Lorena Patterson, President of AMGN (far left); David Madero, Director General of CENAGAS; Jan Frowijn, Director General of The ROSEN Group Mexico; Alejandro Lupiañez, Vice President of Mexico Operations for Wood Group (far right) during Mexico Oil & Gas Summit 2017.

The classic demand and supply dynamic will determine how quickly Mexico develops its natural gas pipeline, panelists said at the Mexico Oil & Gas Summit 2017 as they reflected on the challenges and opportunities that Mexico’s fast-growing pipeline network entails.

“We are experiencing a transformation. From having a government controlled industry, we are now going to a market-controlled dynamic. This means that transformation incentives such as price differentials will have to come from the market,” said David Madero, Director General of CENAGAS, during the panel discussion at the Hotel Sheraton María Isabel in Mexico City on Wednesday.

Madero was joined by Lorena Patterson, President of AMGN; Jan Frowijn, Director General of the ROSEN Group Mexico; and Alejandro Lupiañez, Vice President of Mexico Operations for Wood Group.

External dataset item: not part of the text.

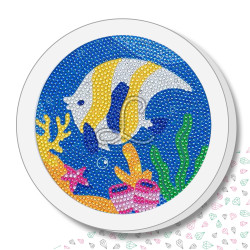 Kit enfant – Broderie diamant "Poisson-Ange Tropical"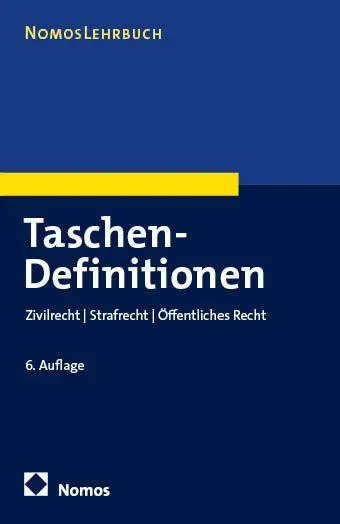 Cover: 9783756024605 | Taschen-Definitionen | Zivilrecht Strafrecht Öffentliches Recht | Buch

Patterson said that attending infrastructure needs such as the creation of pipelines was key for the development of the natural gas market. “Natural gas is a fairly convenient energy source for Mexico; it is the most economical, cleanest and efficient fuel.” Madero agreed that characteristics inherent to natural gas, alongside its multiple uses, are driving a rise in demand. “Natural gas will continue being very important not only for the energy industry — the manufacturing industry will also benefit and even residential areas.”

Frowijn added that even though market development is important, clear regulations are needed to further its growth. “Setting a regulatory framework and its subsequent implementation are crucial.” For Lupiañez, even though natural gas can be a catalyst for the development of a pipeline network, the rules of the game must be clear before planning even starts for more infrastructure construction. “We need transparency regarding the regulatory framework and its interpretation.”

Madero echoed that sentiment, adding that in Mexico, of all hydrocarbons, natural gas has the most up-to-date and stable regulation. However, he also acknowledged that for it to continue growing, it needs to have a more developed and strong regulatory framework. “Regulations need to be modernized alongside the industry.”

While a clear set of rules is necessary, Frowijn said that will only go so far. “The future of the industry is not technology or laws and regulations. At the heart of the development are people. It is important to transfer knowledge and to support the creation of a new generation of professionals.” Lupiañez said that in a country as diverse and big as Mexico, the transfer of knowledge and experience is crucial: “The problems associated with building the needed network change depending on which part of the country you are. Although we have the required technology to do it, we encounter several problems related to local communities. We need people with experience to deal with this.”

Still, Lupiañez is confident and believes that the missing pieces of the puzzle are trust and communication among all the players. “Technology companies need to be involved in the decision-making process from day one and not just at the end,” he said.

Although demand will continue growing, it will be volatile, which is why investors want transparency, Madero said. “Investors need clarity and certainty regarding their investments, knowing that there will be volatility associated with the appearance of renewable energies. Providing good and competitive services will help companies to obtain profit and contribute to the development of the market.”